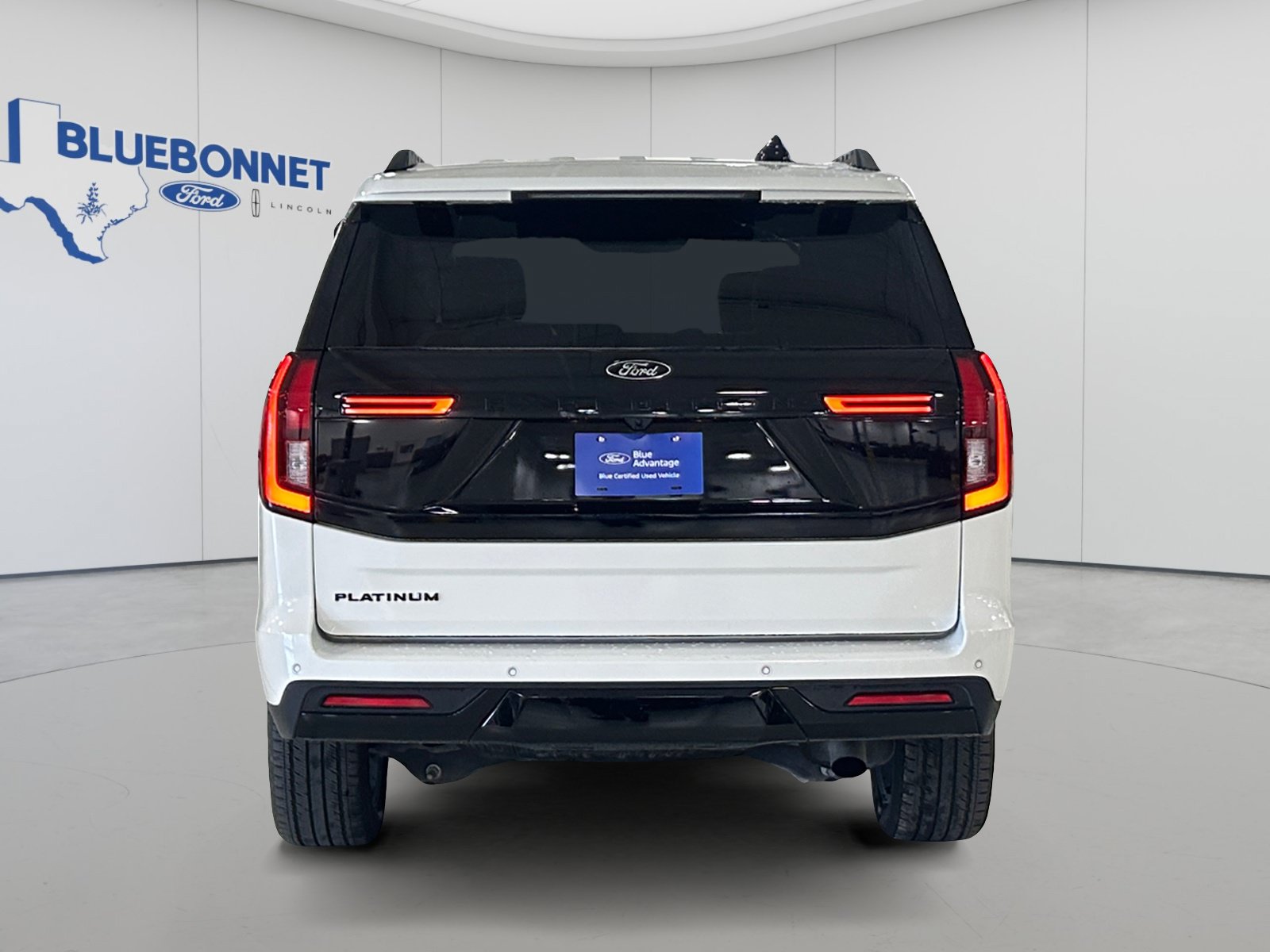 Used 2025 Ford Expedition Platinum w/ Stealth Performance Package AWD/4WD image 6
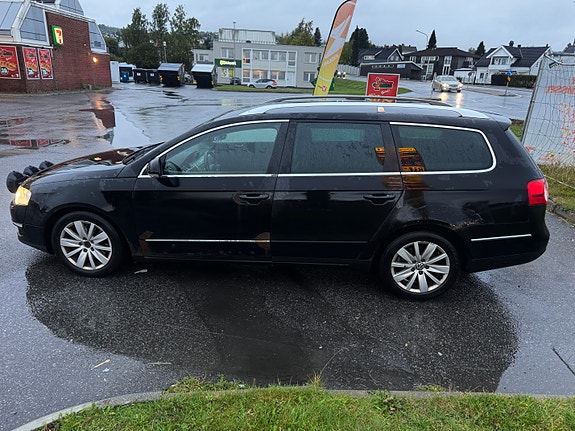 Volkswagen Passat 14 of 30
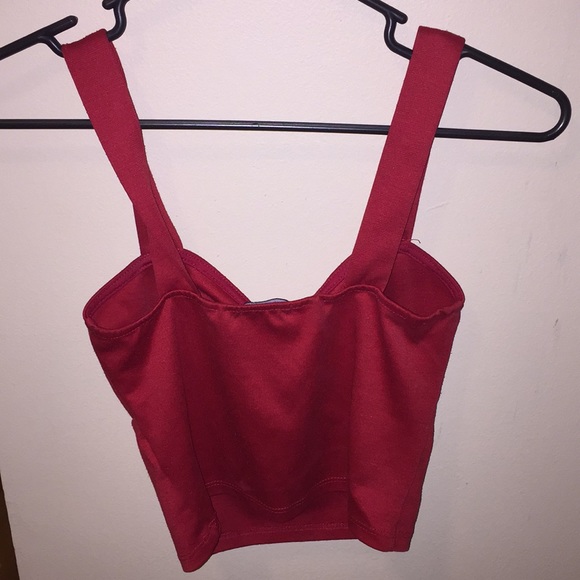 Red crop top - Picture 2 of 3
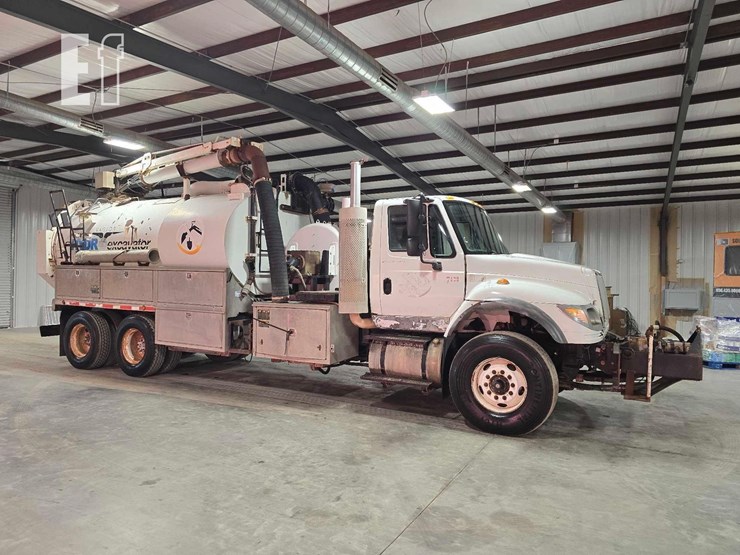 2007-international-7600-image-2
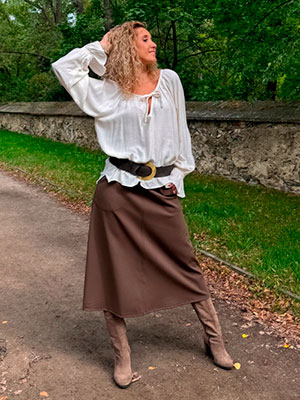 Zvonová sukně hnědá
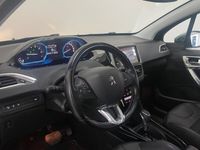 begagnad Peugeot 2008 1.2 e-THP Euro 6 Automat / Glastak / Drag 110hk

==

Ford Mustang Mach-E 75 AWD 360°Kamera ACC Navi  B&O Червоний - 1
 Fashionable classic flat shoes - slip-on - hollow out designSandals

● Exercise prompt: Reproduce only the lines above spanning from the line containing "Ford Mustang Mach-E" through the line containing "Fashionable classic flat", word for word.

● Answer box:
Ford Mustang Mach-E 75 AWD 360°Kamera ACC Navi  B&O Червоний - 1
 Fashionable classic flat shoes - slip-on - hollow out designSandals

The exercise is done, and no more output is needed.